For an open mike show, part of how I uphold my part in the exchange is that I screen for prepared people by insisting that they sign up by email in advance. It's not the only filter, but it's one that directly addresses the concern of preparedness. Hopefully the people getting on stage are the ones who at least had the presence of mind to think in advance about the fact that they will perform, and have wondered about what they will say. They should even be a little worried about making an ass of themselves to the point where they'll want to reduce that risk by preparing. Those are the people I put on stage.

The guy who just leans in during the middle of a show and asks to perform? Filtered.

It is, of course, entirely possible that a comedian can sign up and not prepare, but so far the system has done a good job of weeding out people like that.
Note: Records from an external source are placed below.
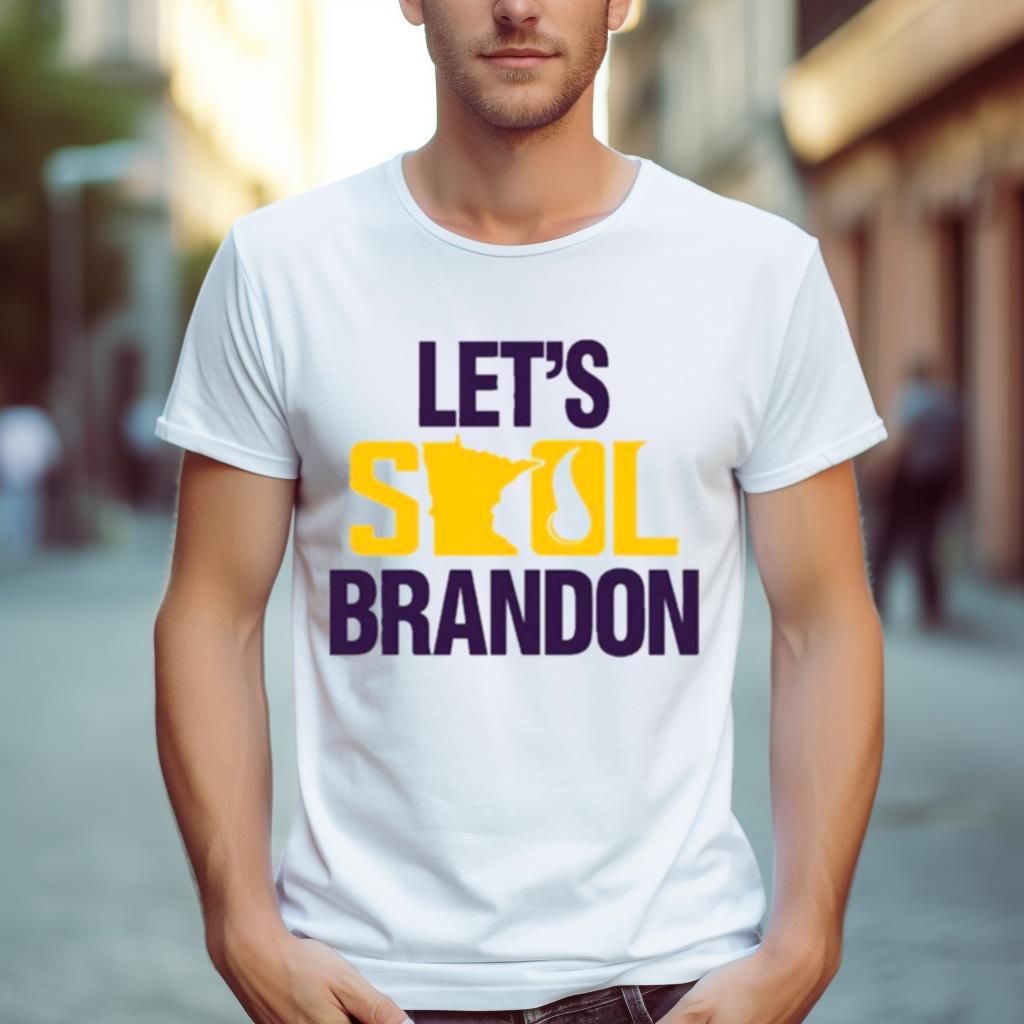 Let’S Skol Brandon Minnesota Vikings Shirt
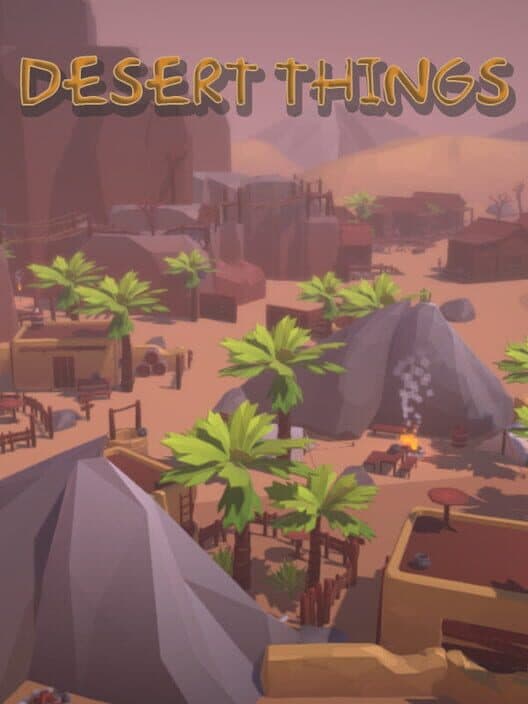Обложка Desert Things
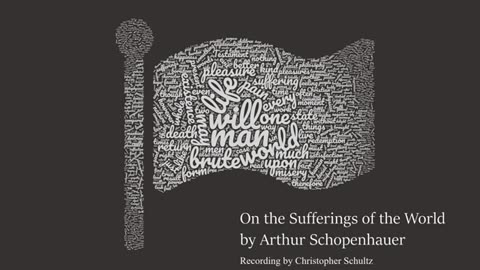 Schopenhauer - On the Sufferings of the World (Audiobook)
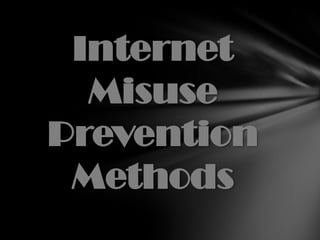 Internet Misuse Prevention Methods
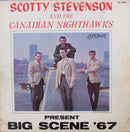 Scotty Stevenson And Canadian Nighthawks - Big Scene '67 (Vinyle Usagé)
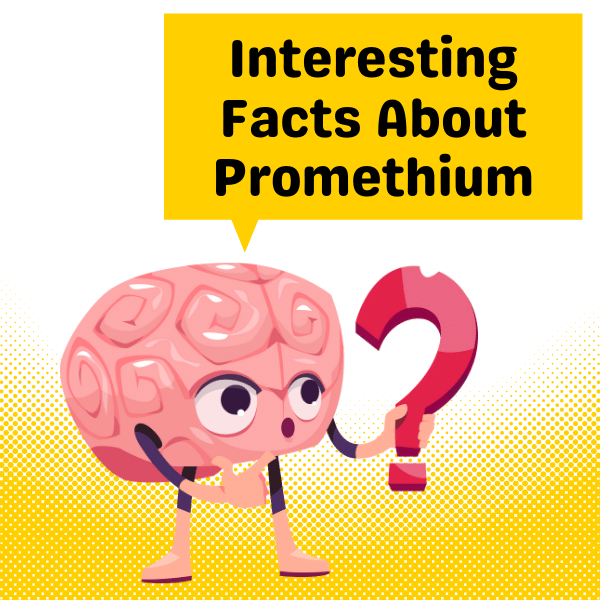 Interesting Facts About Promethium
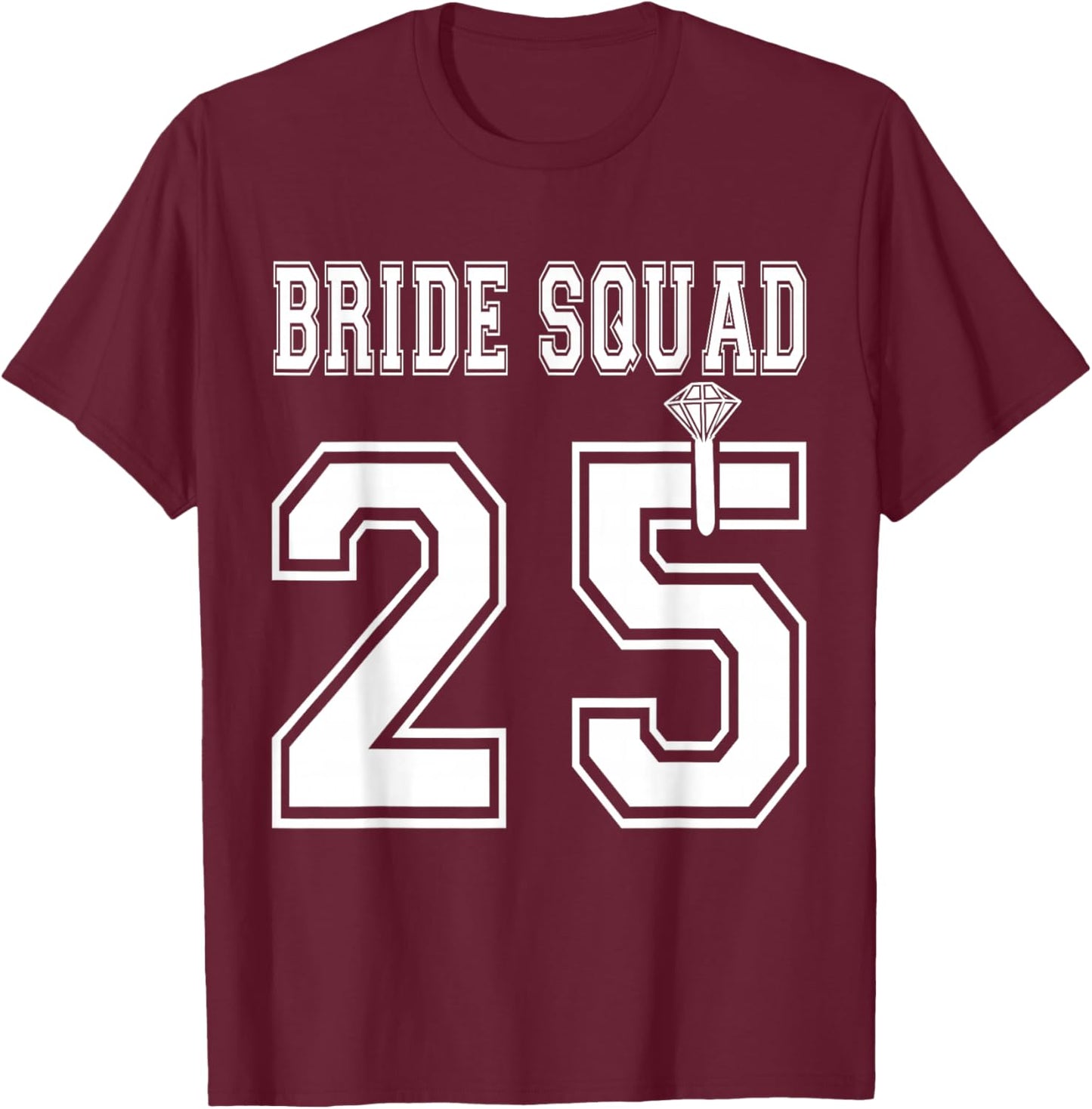 Bride Squad 2025 Bridal Party Bachelorette Team Group Shower T-Shirt - T-Shirt | Maroon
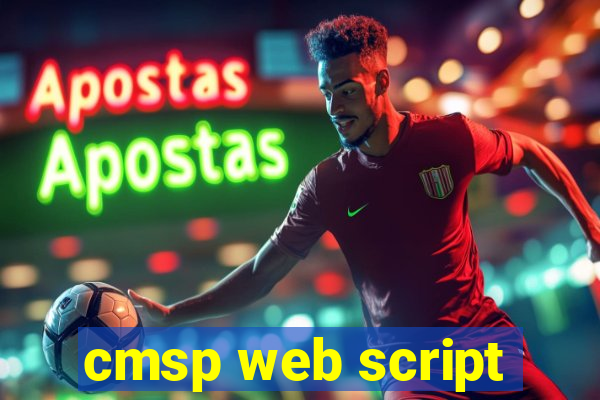 cmsp web script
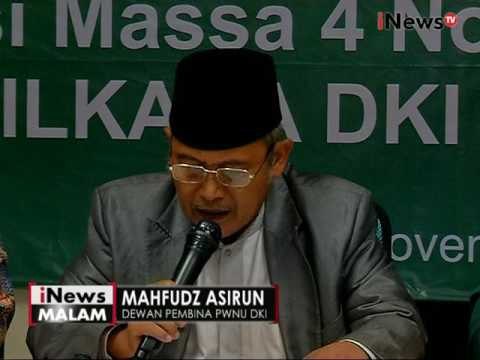 TerkaiT aksi damai 4 November, PWNU DKI imbau aksi tidak anarkis - iNews Malam 02/11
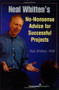 Neal Whitten's No-Nonsense Advice for Successful Projects by Neal Whitten, 9781567261554
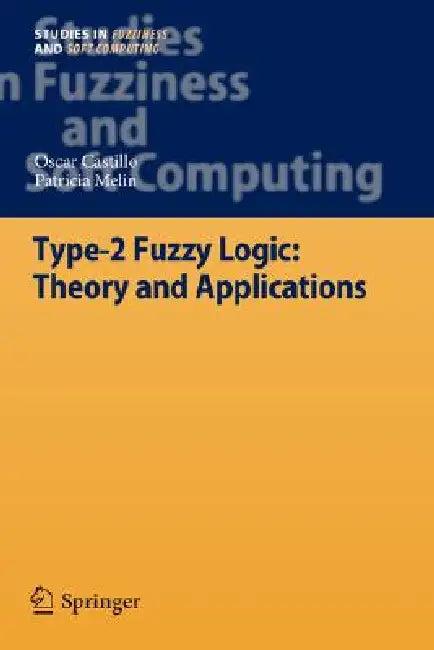 Type-2 Fuzzy Logic (English, Oscar Castillo | Patricia Melin)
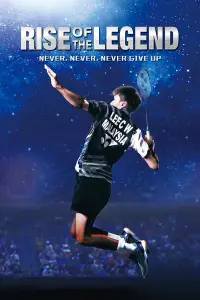 Poster to the movie "Lee Chong Wei: Rise of the Legend" #1193556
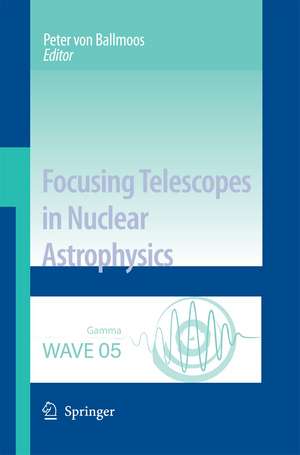 Focusing Telescopes in Nuclear Astrophysics de Peter Ballmoos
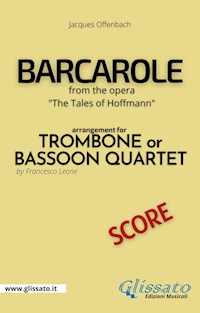 Barcarole - Trombone or Bassoon Quartet (score) - Francesco Leone - E-Book
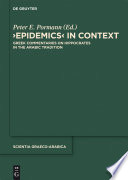 Epidemics in context : Greek commentaries on Hippocrates in the Arabic tradition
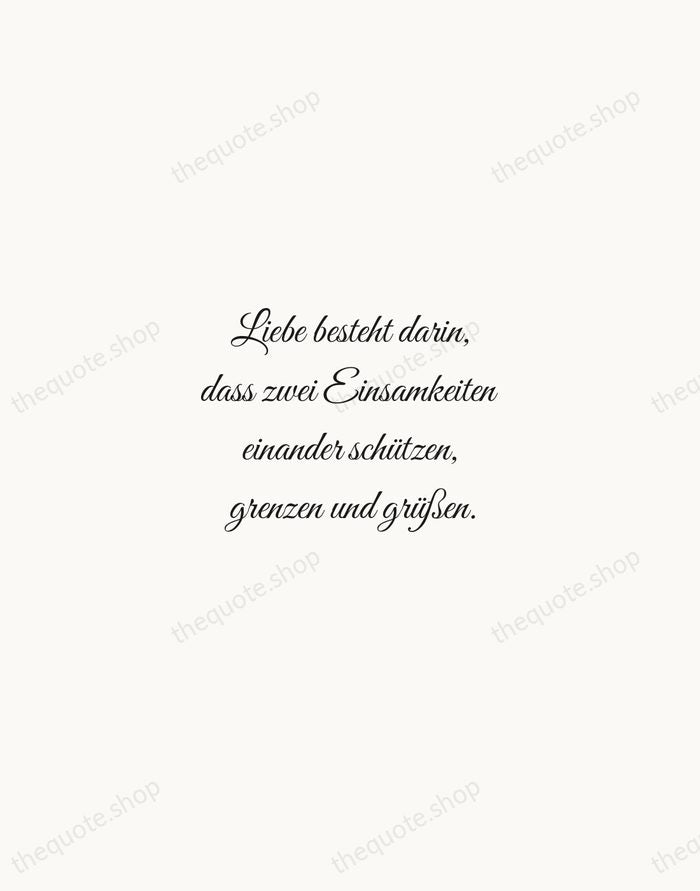 Liebe besteht darin, dass zwei Einsamkeiten einander schützen, grenzen und grüßen. — Rainer Maria Rilke — Script Whisper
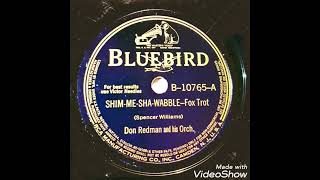 Shim-Me-Sha-Wabble Don Redman His Orchestra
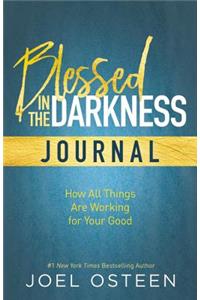 Blessed in the Darkness Journal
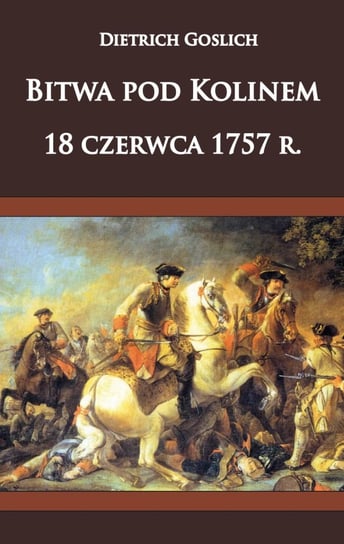 Bitwa pod Kolinem 18 czerwca 1757 roku Dietrich Goslich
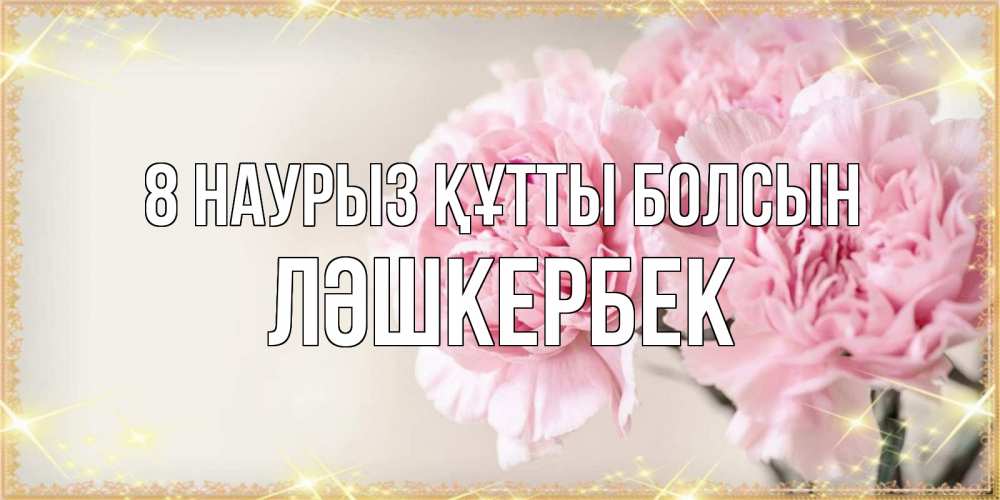 Күн сайын ашық хат с именем, ЛӘШКЕРБЕК 8 наурыз құтты болсын открытка с розовыми цветами в рамочке с подписью на 8 марта Онлайн тегін жүктеп алу тілектері бар керемет карта 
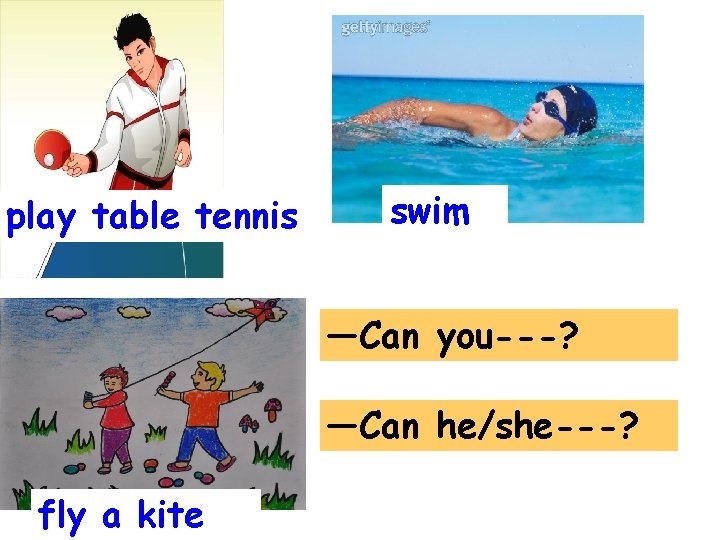 play table tennis swim —Can you---? —Can he/she---? fly a kite 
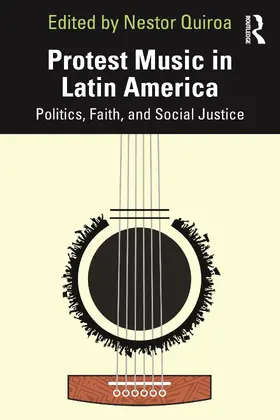 Quiroa |  Protest Music in Latin America | Buch |  Sack Fachmedien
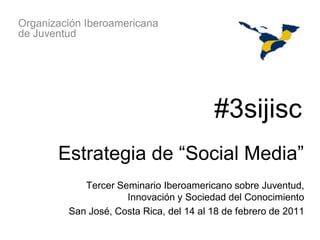 Organización Iberoamericana
de Juventud




                                         #3sijisc
       Estrategia de “Social Media”
            Tercer Seminario Iberoamericano sobre Juventud,
                     Innovación y Sociedad del Conocimiento
         San José, Costa Rica, del 14 al 18 de febrero de 2011
 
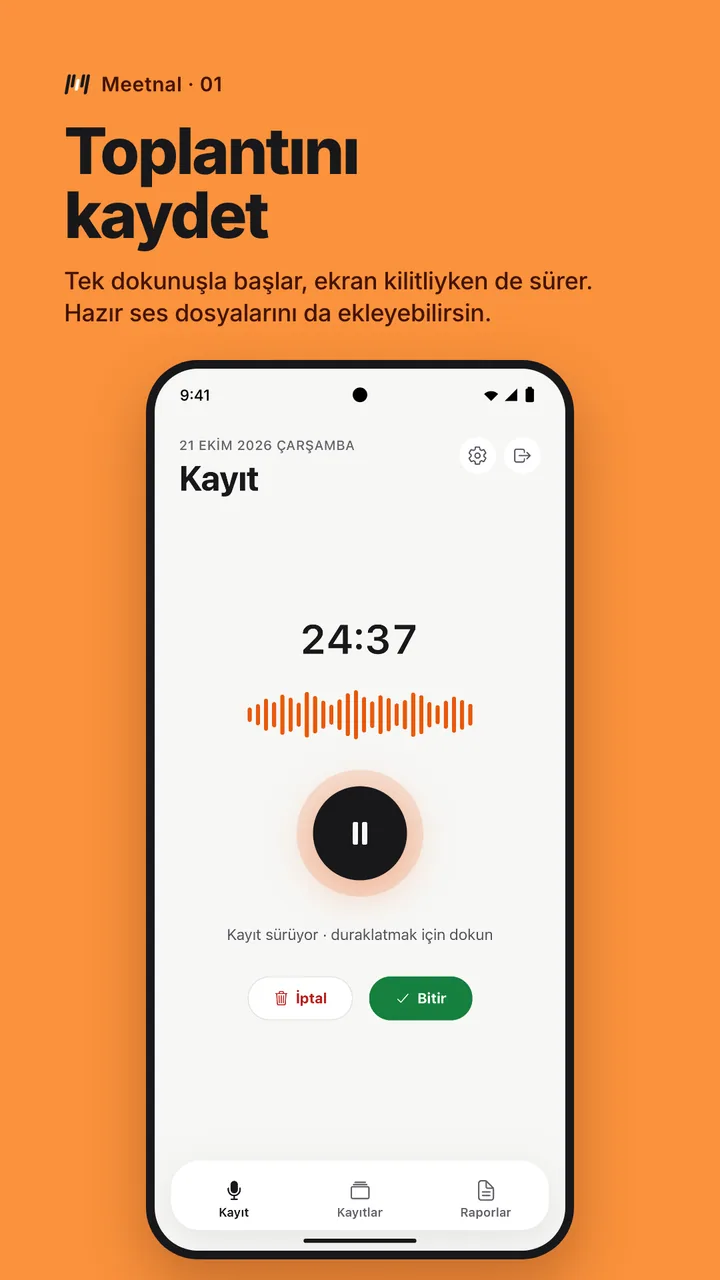 Toplantını kaydet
We still get a lot of terrible performances at our New Material Night shows, but for the most part it's okay because I, and the audience, can respect a performer who tried in earnest and missed. If we can see this person really wanted to reach us, then we are sympathetic to the fact that they are new to the craft.

I'm always saying to performers there's a world of difference between wanting to make the audience laugh and wanting to make the audience think you're funny. If you fail at the former, the audience roots for you to do better the next time. If you fail at the latter, the audience hopes you don't come back.

Respect for what it means to be on stage, to be given the audience's time, is a big part of determining which side of that judgement you'll land on.